Small-Shop Cyclone Advice
My 30HP cyclone and after filter was $7k used. I shopped a long time to get that sweet of a deal. If you plan on growth or adding machines such as moulders, multiple shapers, planers or jointers, I doubt 5HP will even be close to what you need. There are plenty of good used deals out there right now!
From contributor J:
I'll second the previous response. I picked up a used 7-1/2 hp Torit (one of, if not the best, out there) and it works great for my small shop. There's plenty of them available on the used market too. You could probably even get one of the Vibrashake models within your budget, which would be useful for someone with a lot of sanding dust.
You really need to determine what your actual needs are in CFM. HP doesn't tell you what you need to know to buy a collector. Once you know what you need, you can make a better buying decision.
From contributor D:
30 HP - wow! Okay, I think I need to adjust my expectations a bit. We have 3 in the wood shop, but machining is only done maybe 2-3 days per week. The rest is sanding or assembly work. All solid, no MDF.

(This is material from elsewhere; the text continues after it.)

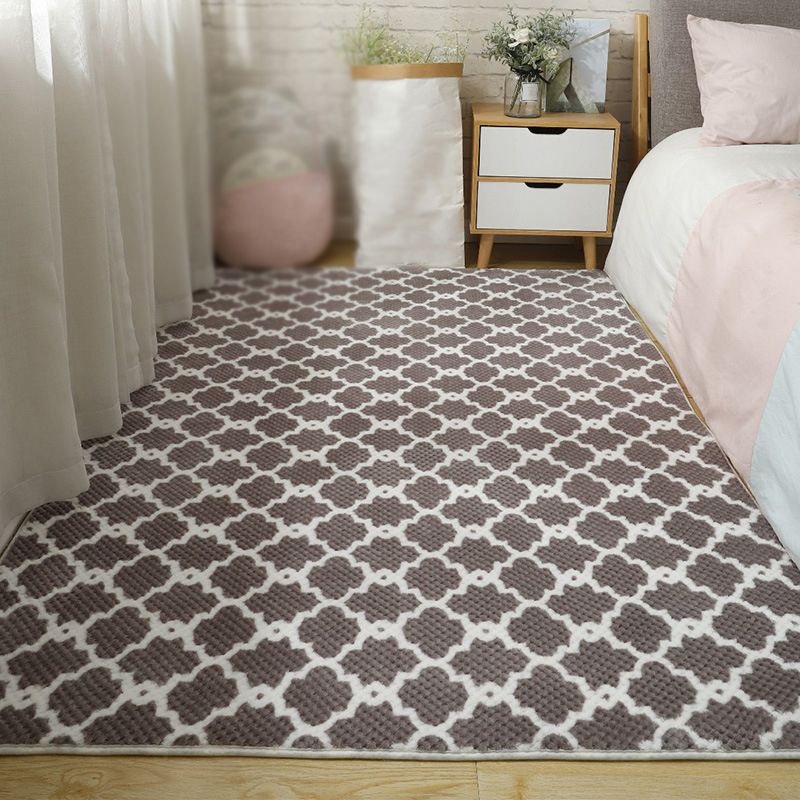 Creative Indoor Rug Argyle Print Polyester Carpet Stain Resistant Area Rug for Home Decoration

Good tip on starting with the CFM first. It only makes sense. Are cyclones all that necessary if the majority of dust collection is dealing with sanding dust? Too many years of reading Fine Woodworking has got me thinking that cyclones are the only way to go. However the majority of Torit and Belfab machines seem to be single stage.
From contributor A:
People have a misunderstanding of cyclones. They think they are supposed to separate the chips from the dust. They are designed to keep as much of the debris (fine dust included) away from the filtration. Clogged filters limit a system far more than large motors can overcome. My Oneida system barely gets any dust below the filter canister. The tech said that is ideal. I concur with the other posters. Find a good Torit cyclone (or the like) system at auction, Craigslist, or Ebay.
From contributor J:
Yup, cyclones are even more necessary for fine dust. Without a cyclone, the fine sanding dust quickly clogs filters and rapidly decreases the amount of suction you're getting from your collector.

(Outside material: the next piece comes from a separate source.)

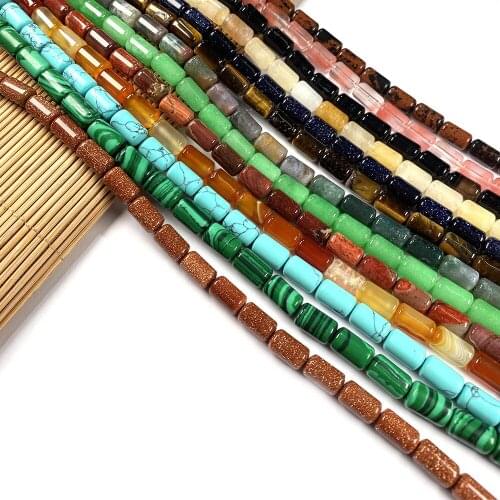 Natural stone Beads Cylindrical shape Loose Spacer Beads agates beaded For Jewelry Making DIY Necklace Bracelet Accessories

Before I moved up from portable collectors to a single whole shop system, I experimented with a variety of different filter fabric bags and cartridges. I found nothing worked well on the drum sander. With the cyclone I run stock though all day without a problem, as almost all the dust goes directly into the collection bags, leaving the filters to breathe freely.
From contributor I:
We make a lot of fine dust from our 52" widebelt sander when we pre-sand flooring to 150 grit. We will run thousands of sq/ft days in a row. We shake our filter bags once a week and empty 6-10" of dust out of the bottoms of the bags maybe once a month. The rest comes out of the cyclone's air lock. I am so happy to not be empting drums, bags and filters every day like we used to when we had a four 55 gallon bag setup.